The AMI upgrade is needed for upgrading worker nodes on EKS from 1.32 to 1.33, since no AL2 AMI is build for 1.33.

Upon testing we found a few things breaking, but nothing major. The AWS load balancer controller broke, but only needed the --aws-vpc-id and --aws-region flag set to work again. We ended up removing the spot-termination-exporter (supplying insight into spot-instance interruptions), since it realies heavily on the metadata service, which was now blocked. Sad, but we have lived without it before.

We then went on to upgrading all clusters and worker nodes to version 1.33. The upgrade went smooth except for one thing that we overlooked. We rely on flux image-reflector-controller to scan container registries and that also uses the metadata service to use get context of the nodes.
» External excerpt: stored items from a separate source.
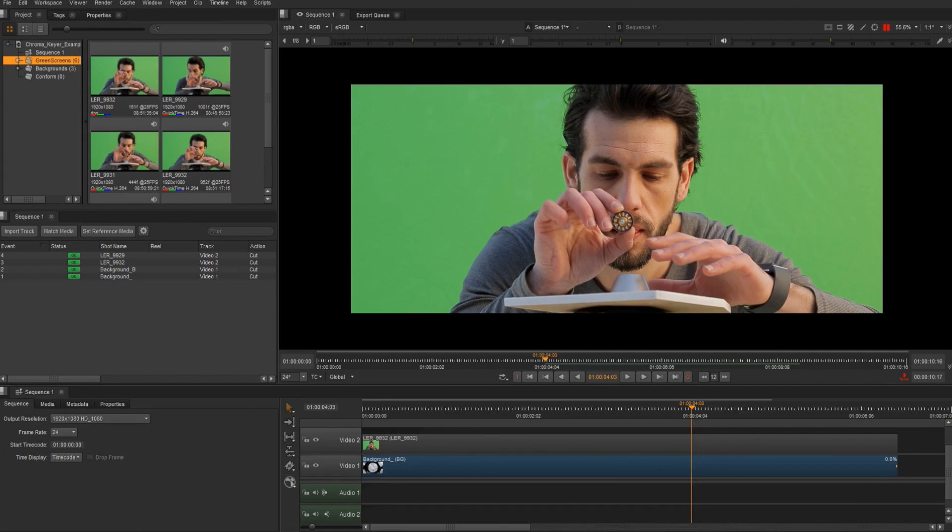Hey everyone, I'm Terry Rice, a Creative Specialist for The Foundry. Let's take a look at the chroma keyer inside of Nuke Studio's timeline.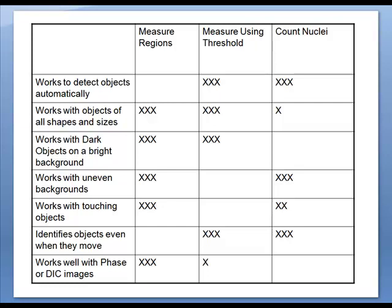In this movie we will use count nuclei to measure our images. This technique is useful when you want to analyze specific structures on one or more images, and the specific structures can be identified based upon their size and gray values.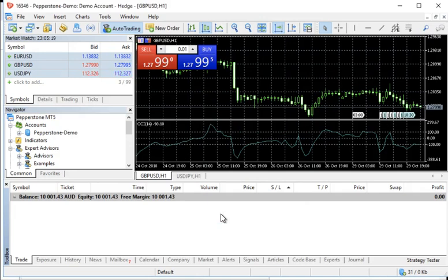And just for good measure, I'm going to close and reopen MT5 so that the whole thing takes.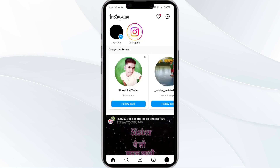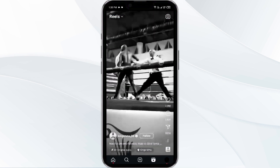Hello friends, welcome back to our YouTube channel. In this video we will guide you how to save an Instagram reel to camera roll. Without any further delay, let's come to the main part of the video. There are two methods to save an Instagram reel to your camera roll.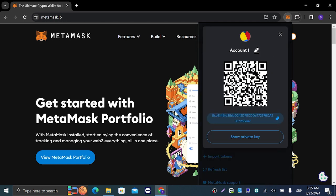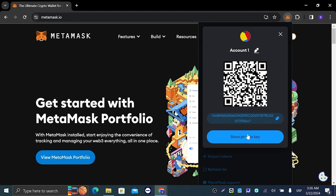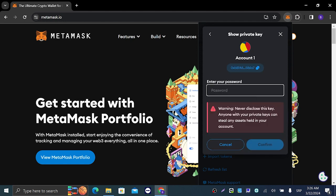You're going to get this page right here. Right below the QR code, you'll see 'Show private key.' Left-click on that, and after you enter your password, it's going to show you your private account key, which you can copy and use. That's how you show your private key.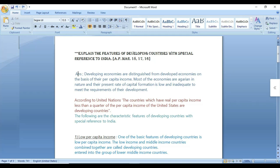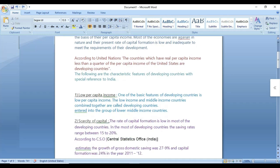First feature: low per capita income. A quarter of the per capita income means 25%. So, 25% can be used as a benchmark for developing countries. We will examine per capita income based on developing countries. The United States is based on a quarter of the per capita income. Low per capita income is the basic feature of developing countries. The low income and middle income countries combined together are called developing countries.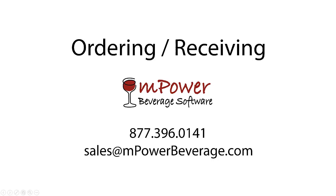You are now watching the third back office video for Empower Beverage. During this demonstration we will be reviewing the process for ordering and receiving within Empower Beverage. The demonstration will cover some of the basic processes for order entry. If you have any questions or if you would prefer to see a more detailed presentation, please contact our sales office toll free at 877-396-0141.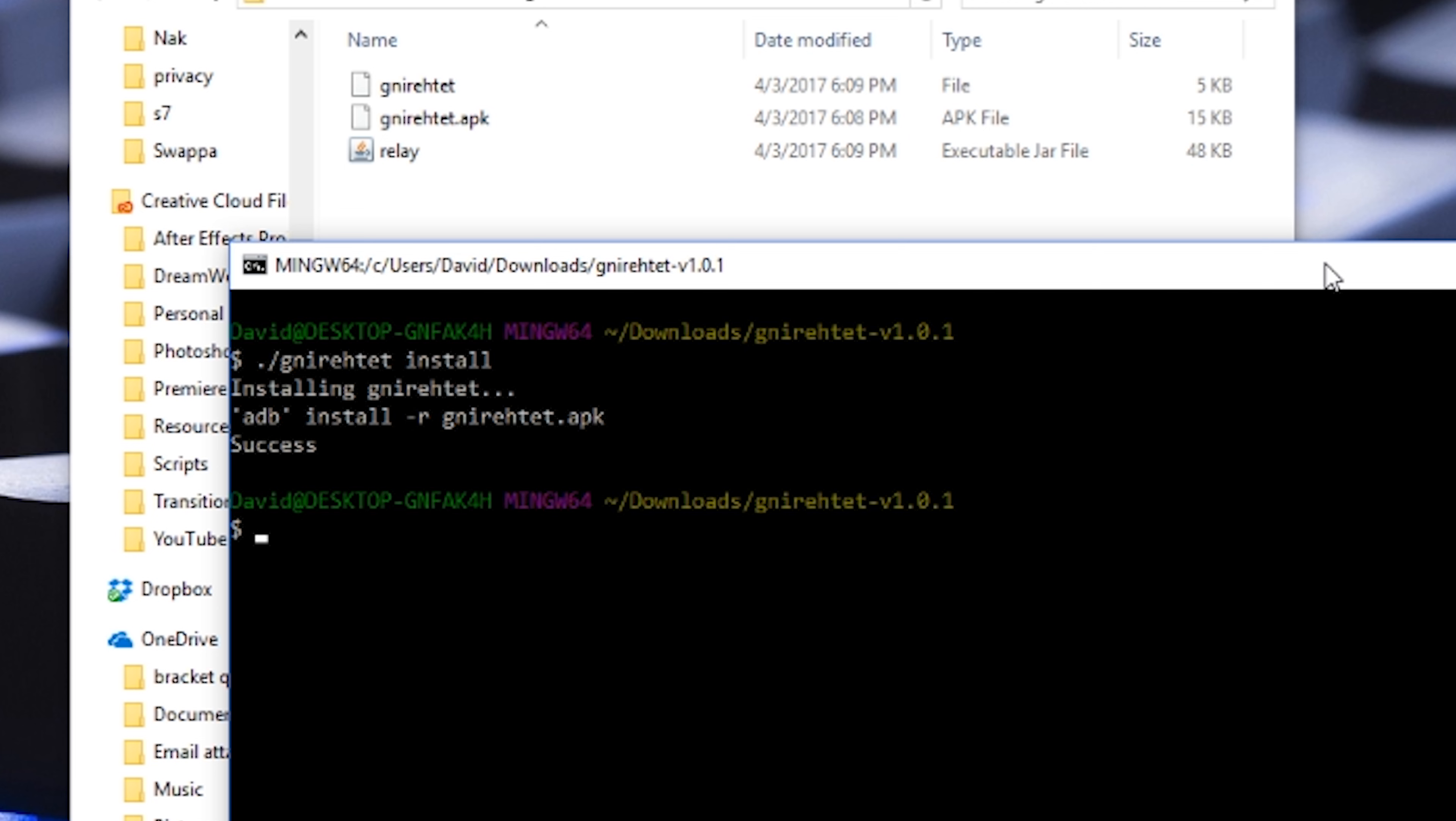Be aware that you're not going to see the app in your app drawer but it is installed if you check in the application manager. And finally to start the service type in the name followed by start. This will start the service on your Android device.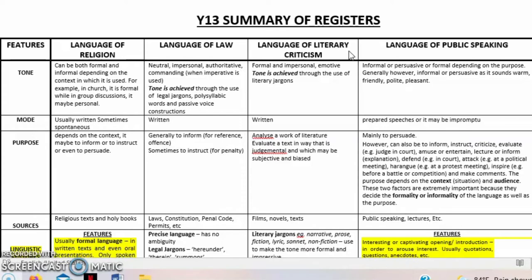The tone in literary criticism is formal and impersonal, but sometimes can be emotive. Tone is achieved through the use of literary jargons, which makes it automatically formal. However, if someone is talking about their favorite book, they'll use favorable words, making the language personal or emotive. If it is a factual depiction of opinion about a book, the language can be formal. As a Year 13 student, you can deduce from the sample what tone is being used.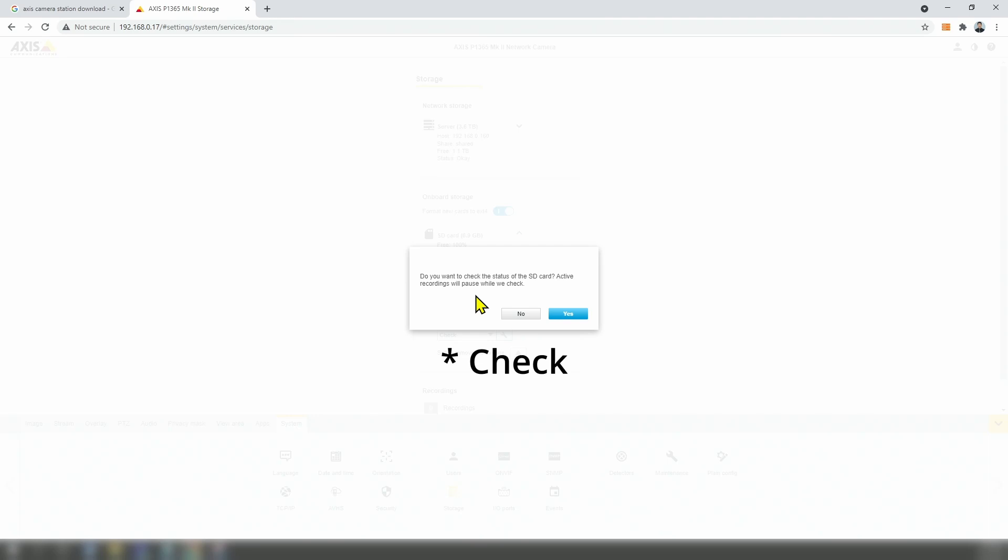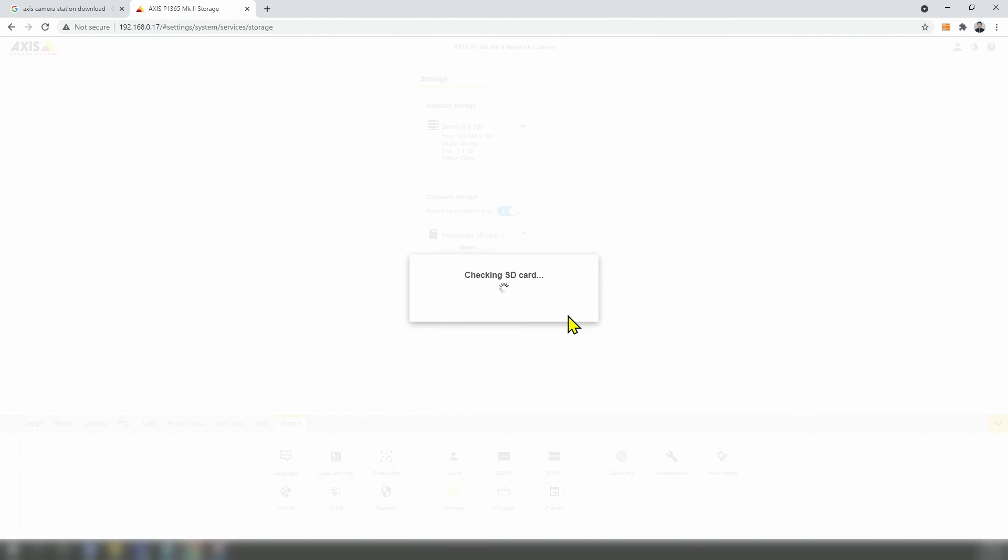So the camera is going to format the card and it says that you stop recording, but that's okay because I'm not recording right now. I'm just inserting the card for the first time, so I click yes and it starts checking SD card.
Luckily this was a fairly easy fix, where we ended up patching an IRSA role annotation to the image-reflector-controller ServiceAccount in following way.

apiVersion: kustomize.config.k8s.io/v1beta1
kind: Kustomization
resources:
  - gotk-components.yaml
  - gotk-sync.yaml
patches:
  - patch: |
      apiVersion: v1
      kind: ServiceAccount
      metadata:
        name: image-reflector-controller
        annotations:
          eks.amazonaws.com/role-arn: arn:aws:iam::ACCOUNT_ID:role/eks_CLUSTER_NAME_flux-image-reflector
    target:
      kind: ServiceAccount
      name: image-reflector-controller

We are now enjoing AL2023 and are so far happy with the upgrade.